*** THE INPUT
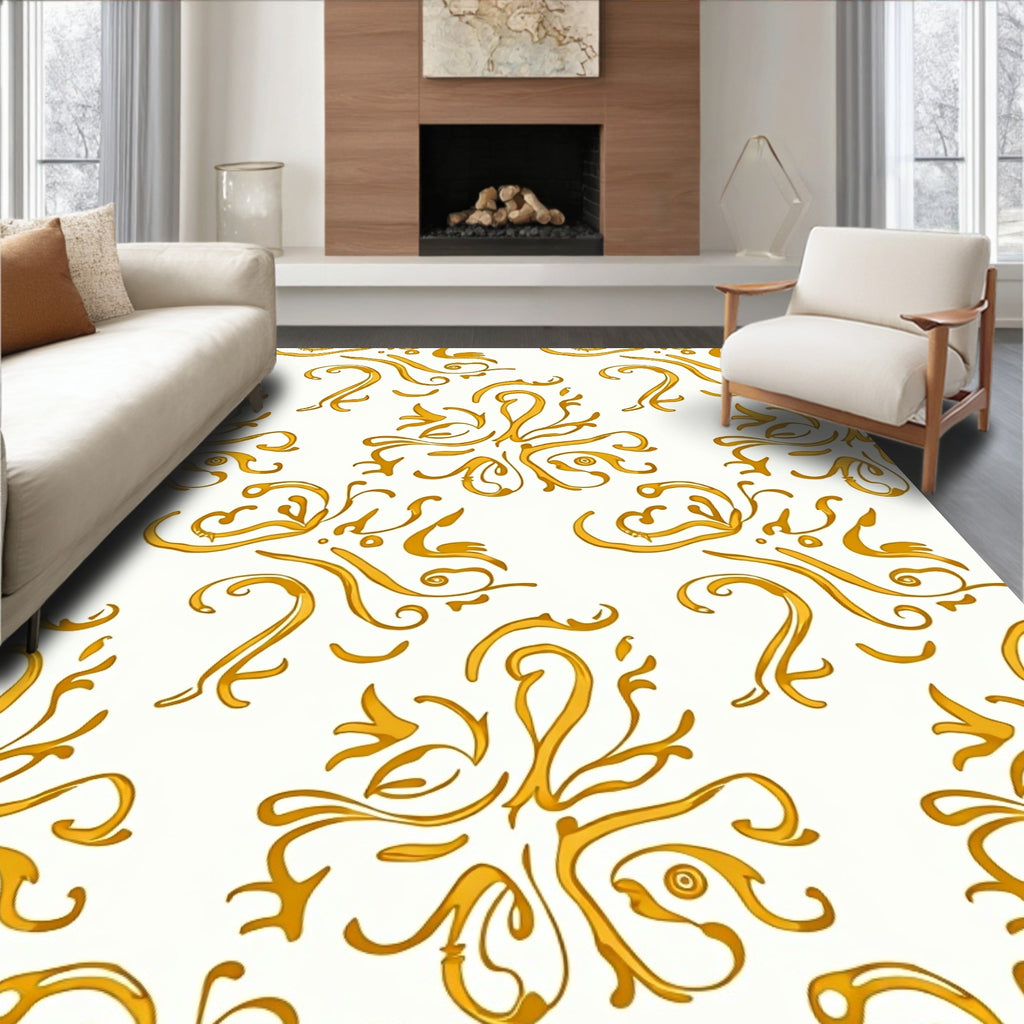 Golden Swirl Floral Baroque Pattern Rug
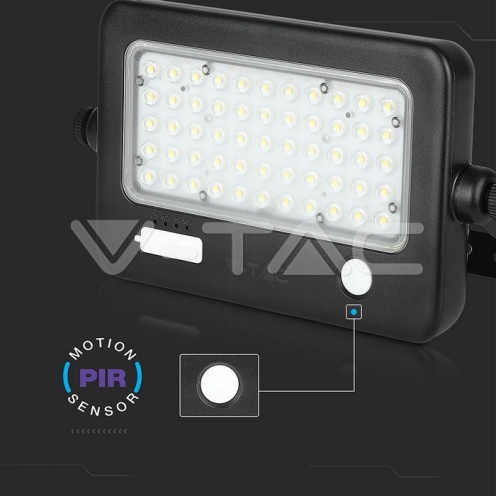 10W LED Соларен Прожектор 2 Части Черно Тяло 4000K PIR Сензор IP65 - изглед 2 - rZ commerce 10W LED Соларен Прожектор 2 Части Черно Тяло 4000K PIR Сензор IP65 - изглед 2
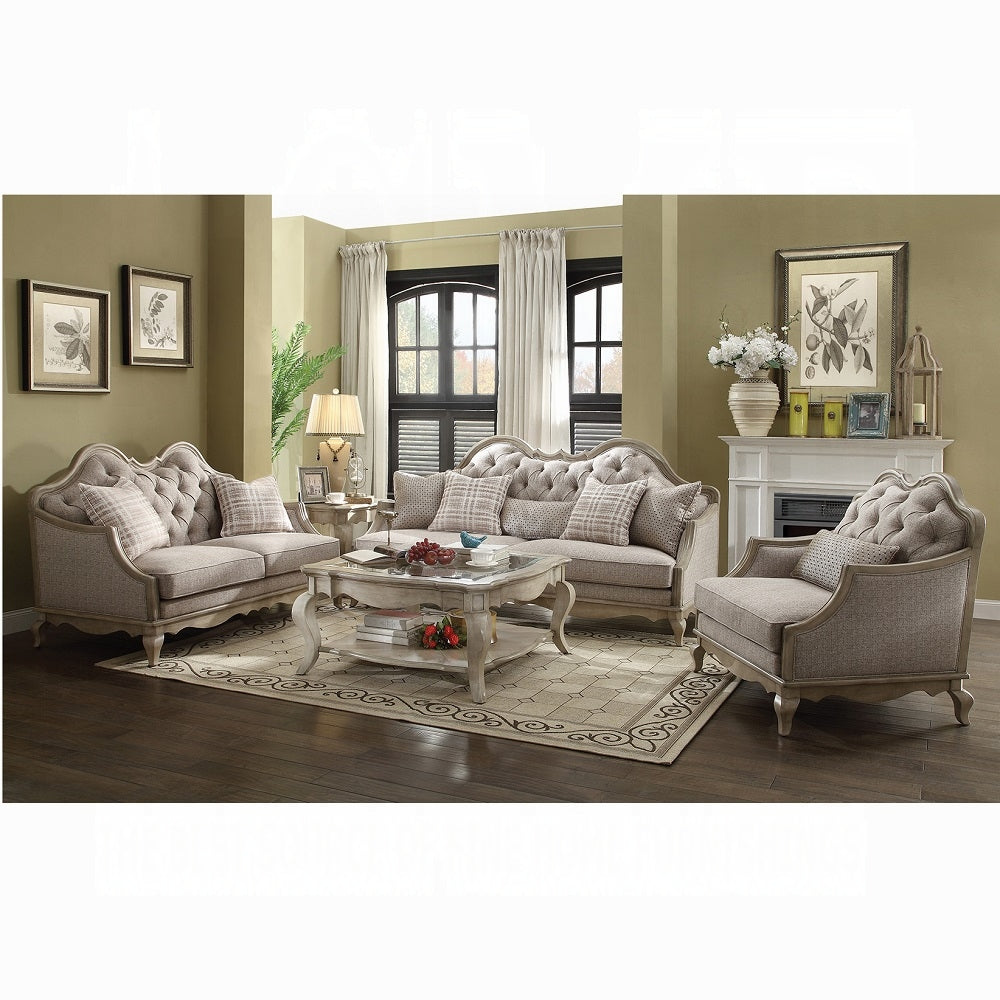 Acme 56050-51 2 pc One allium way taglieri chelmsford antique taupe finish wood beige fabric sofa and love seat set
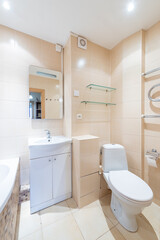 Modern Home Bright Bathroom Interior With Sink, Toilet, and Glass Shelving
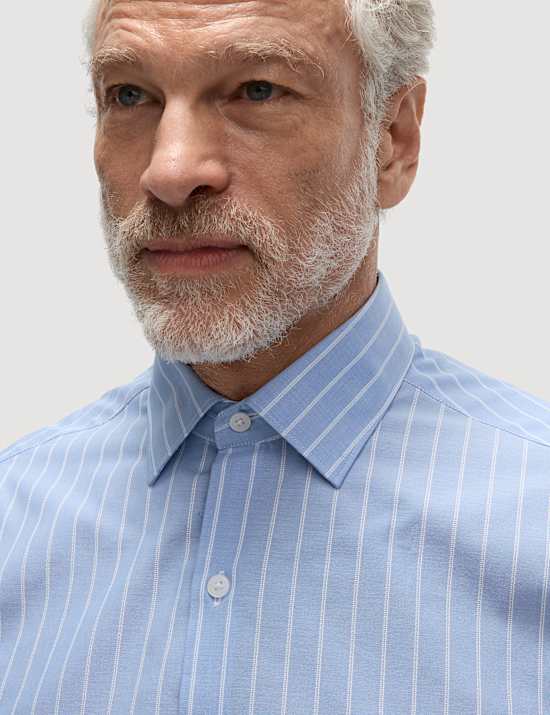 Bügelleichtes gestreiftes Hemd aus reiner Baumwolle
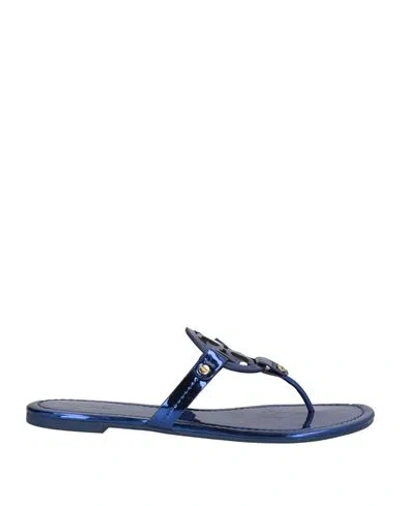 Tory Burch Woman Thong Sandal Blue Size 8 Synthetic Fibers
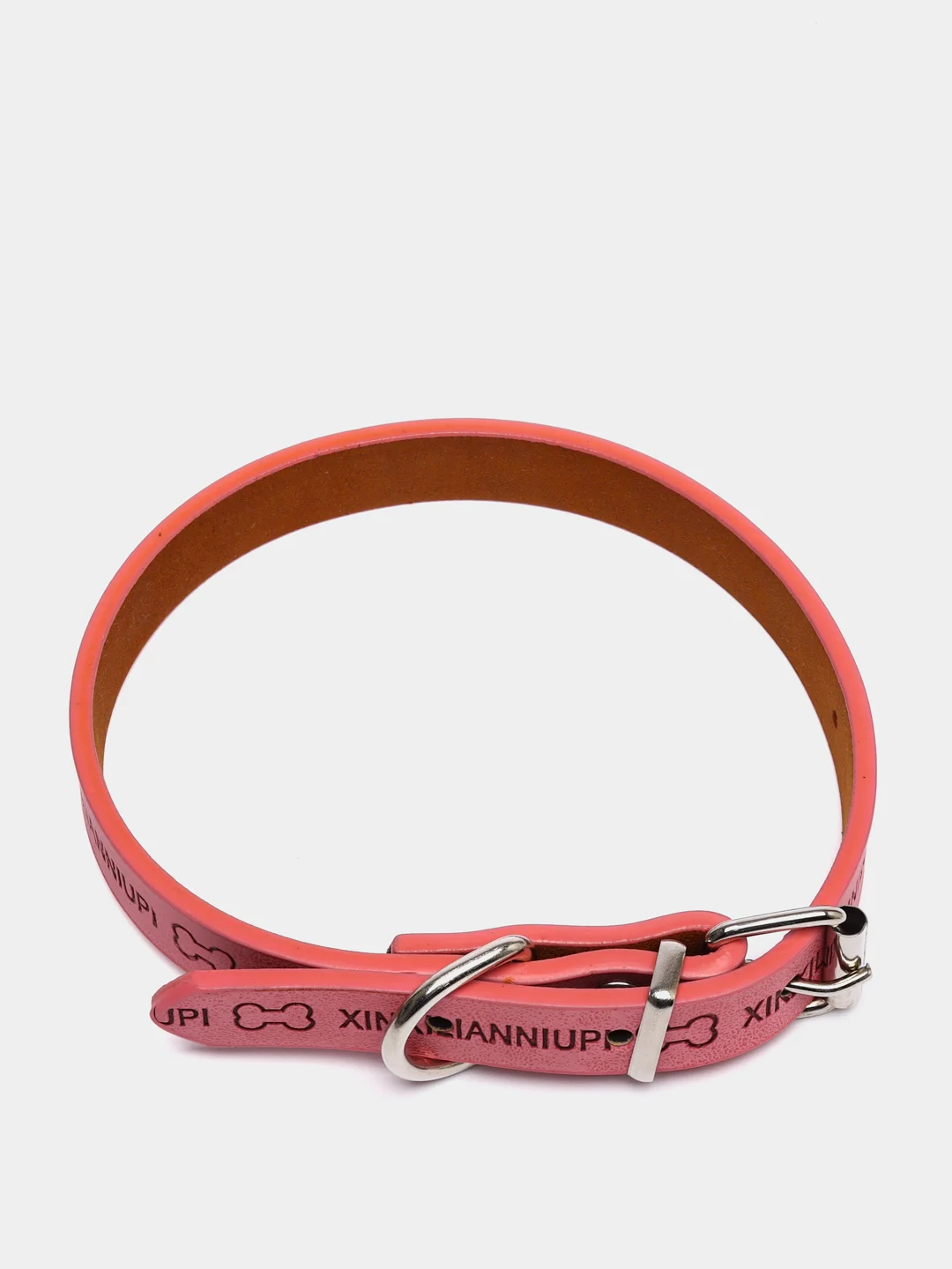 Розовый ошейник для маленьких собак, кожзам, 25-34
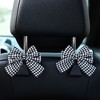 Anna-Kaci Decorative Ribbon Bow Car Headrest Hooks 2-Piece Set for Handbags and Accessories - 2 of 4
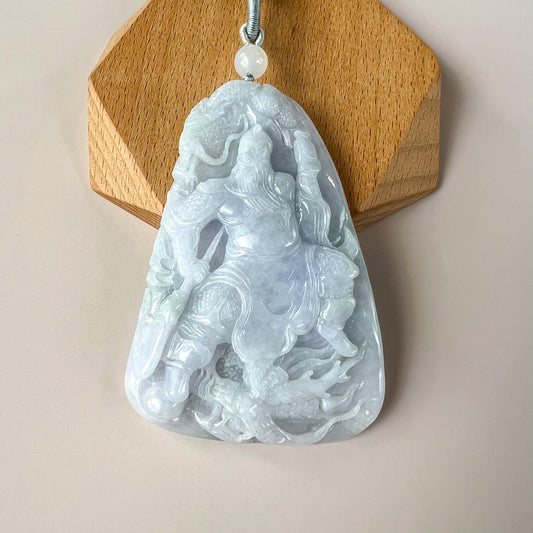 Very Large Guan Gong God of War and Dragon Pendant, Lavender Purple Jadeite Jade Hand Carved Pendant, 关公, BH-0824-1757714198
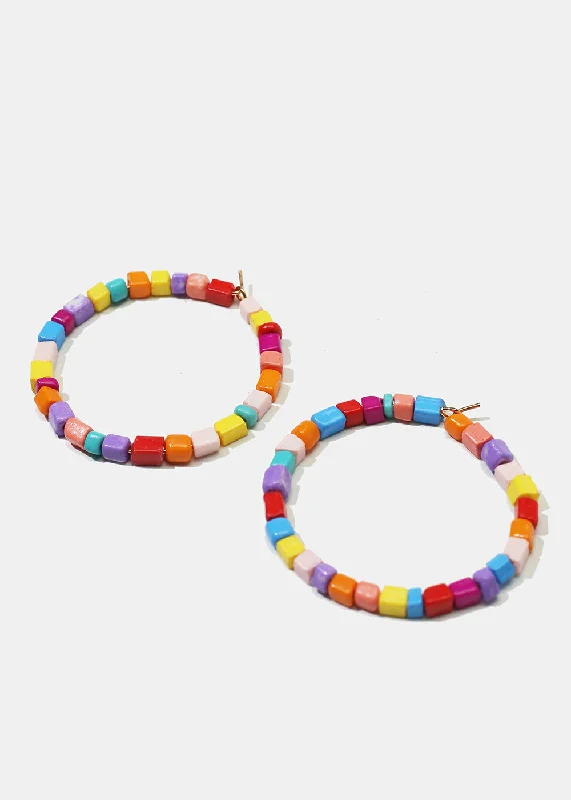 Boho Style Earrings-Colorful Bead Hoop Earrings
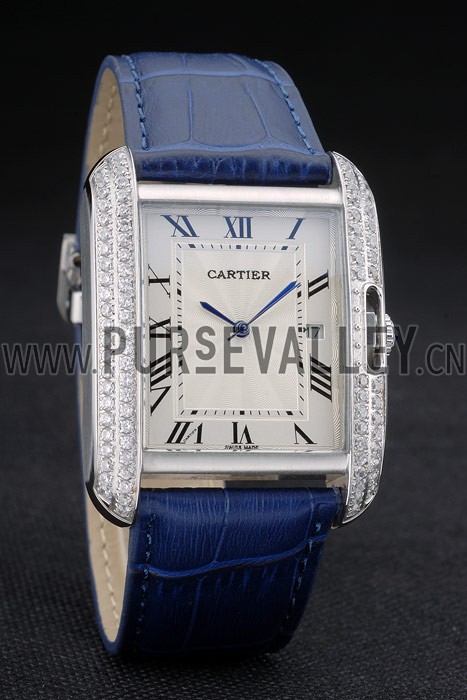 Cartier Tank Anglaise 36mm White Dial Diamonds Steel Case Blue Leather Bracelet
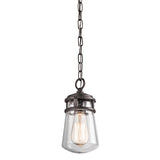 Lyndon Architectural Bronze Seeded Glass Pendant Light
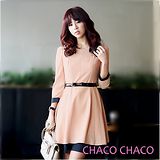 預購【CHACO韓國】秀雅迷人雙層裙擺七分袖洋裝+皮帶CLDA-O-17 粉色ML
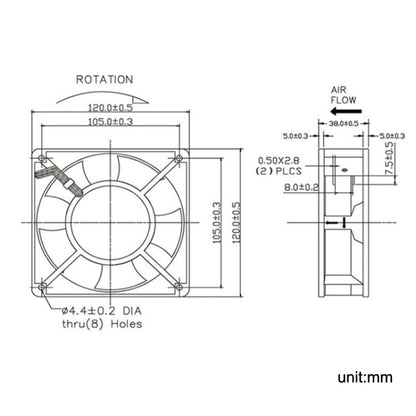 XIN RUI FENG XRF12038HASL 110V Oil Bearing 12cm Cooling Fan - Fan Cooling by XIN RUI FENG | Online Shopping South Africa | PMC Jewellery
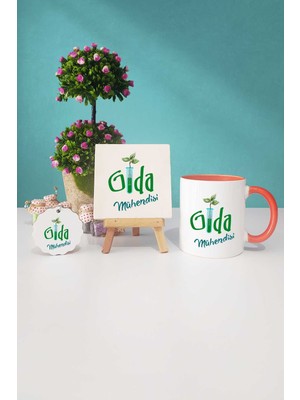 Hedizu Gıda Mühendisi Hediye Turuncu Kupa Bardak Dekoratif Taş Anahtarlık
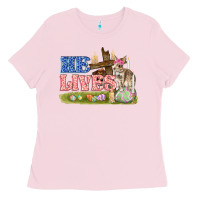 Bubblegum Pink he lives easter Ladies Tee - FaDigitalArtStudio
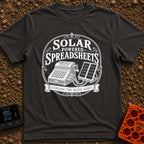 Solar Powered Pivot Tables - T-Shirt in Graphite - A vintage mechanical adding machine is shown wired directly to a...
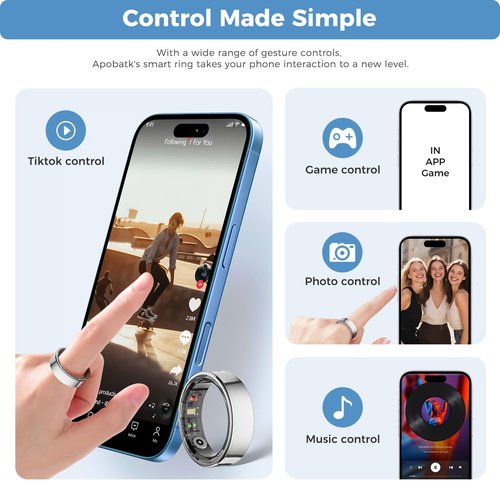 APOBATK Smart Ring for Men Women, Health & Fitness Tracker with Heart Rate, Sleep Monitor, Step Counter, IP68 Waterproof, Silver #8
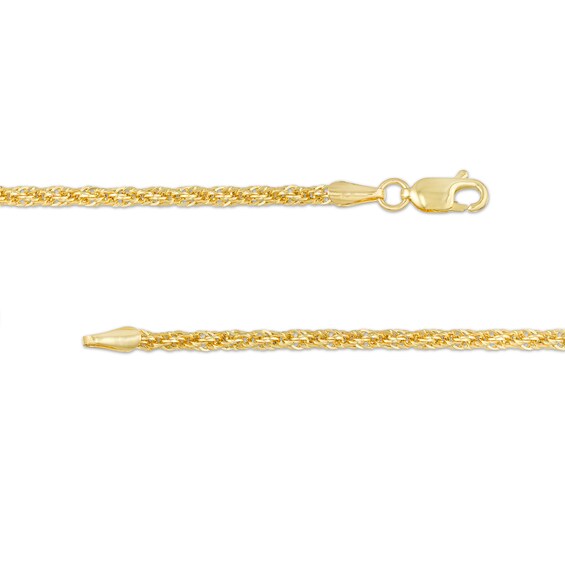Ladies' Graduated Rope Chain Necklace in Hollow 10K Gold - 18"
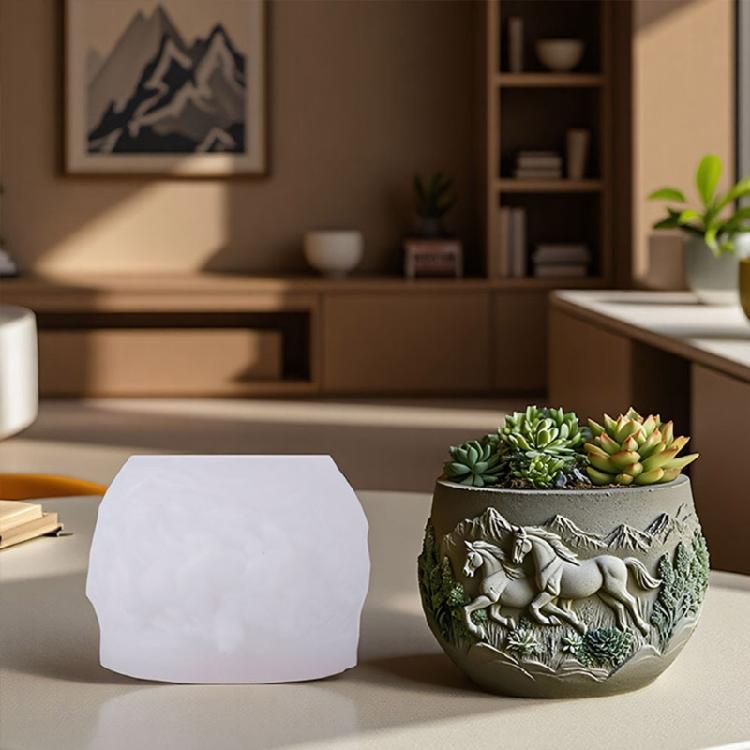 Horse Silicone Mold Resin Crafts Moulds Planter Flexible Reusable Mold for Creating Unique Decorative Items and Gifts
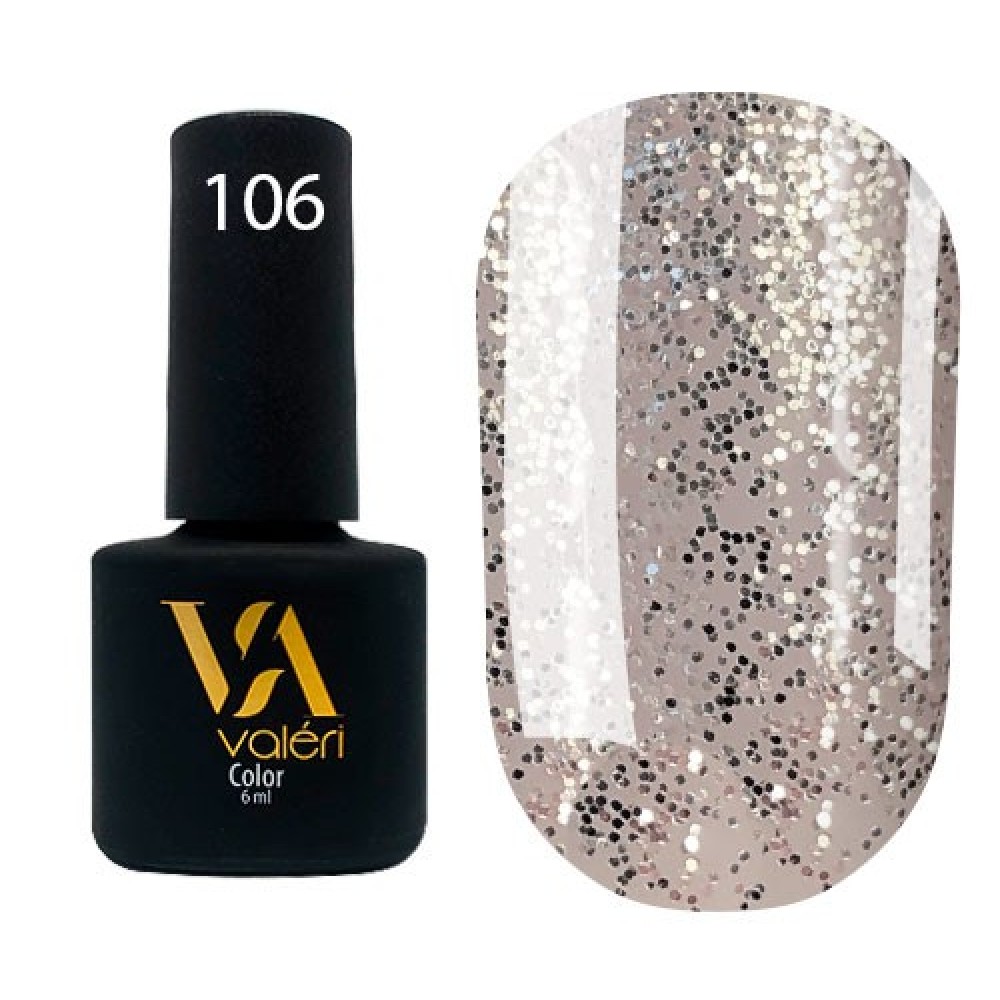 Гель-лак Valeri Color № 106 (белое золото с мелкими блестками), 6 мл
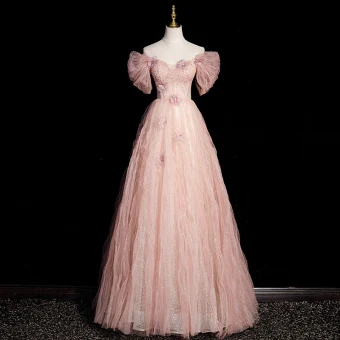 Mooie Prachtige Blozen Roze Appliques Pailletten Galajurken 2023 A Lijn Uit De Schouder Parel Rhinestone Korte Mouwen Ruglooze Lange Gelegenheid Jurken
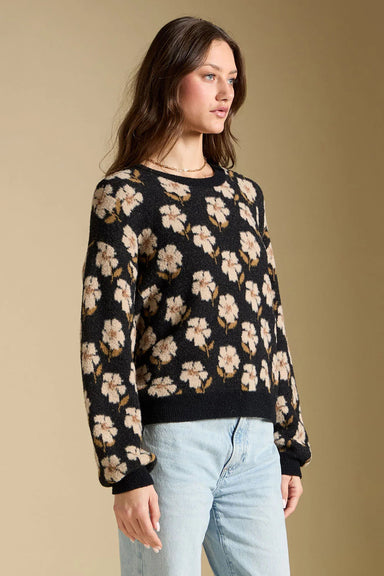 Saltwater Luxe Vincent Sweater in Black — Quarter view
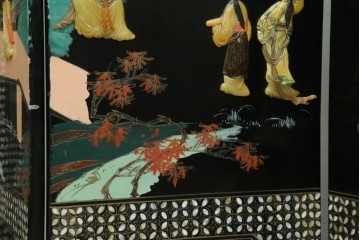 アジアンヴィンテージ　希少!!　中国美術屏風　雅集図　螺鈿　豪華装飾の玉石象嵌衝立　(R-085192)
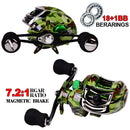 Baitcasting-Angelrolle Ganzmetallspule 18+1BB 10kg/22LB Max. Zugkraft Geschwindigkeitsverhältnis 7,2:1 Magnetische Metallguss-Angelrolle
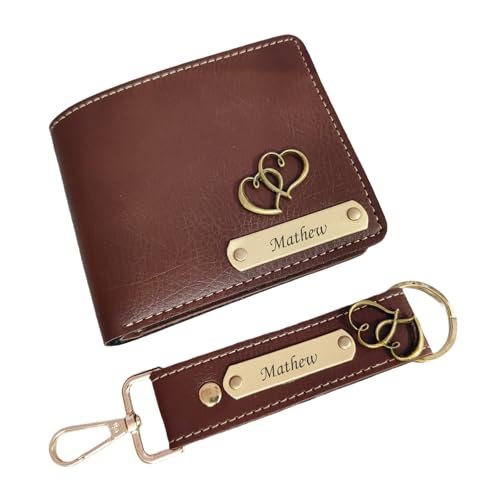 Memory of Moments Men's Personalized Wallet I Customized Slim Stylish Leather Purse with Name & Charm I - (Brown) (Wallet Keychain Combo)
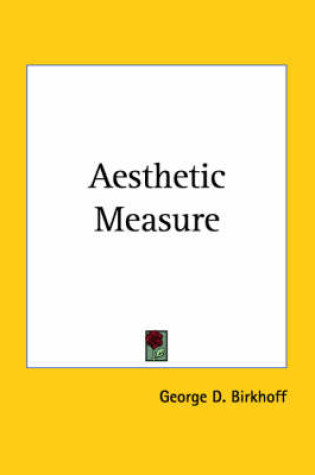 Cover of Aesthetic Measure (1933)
******
| EXERCISE INSTRUCTIONS |
Using the data above, set down each line from the line with "Гель-лак Valeri Color" to the line with "Memory of Moments" exactly, both ends included, and leave the pictures behind. Nothing else belongs.

| TASK ANSWER |
 Гель-лак Valeri Color № 106 (белое золото с мелкими блестками), 6 мл
 Mooie Prachtige Blozen Roze Appliques Pailletten Galajurken 2023 A Lijn Uit De Schouder Parel Rhinestone Korte Mouwen Ruglooze Lange Gelegenheid Jurken
 Saltwater Luxe Vincent Sweater in Black — Quarter view
 アジアンヴィンテージ　希少!!　中国美術屏風　雅集図　螺鈿　豪華装飾の玉石象嵌衝立　(R-085192)
 Baitcasting-Angelrolle Ganzmetallspule 18+1BB 10kg/22LB Max. Zugkraft Geschwindigkeitsverhältnis 7,2:1 Magnetische Metallguss-Angelrolle
 Memory of Moments Men's Personalized Wallet I Customized Slim Stylish Leather Purse with Name & Charm I - (Brown) (Wallet Keychain Combo)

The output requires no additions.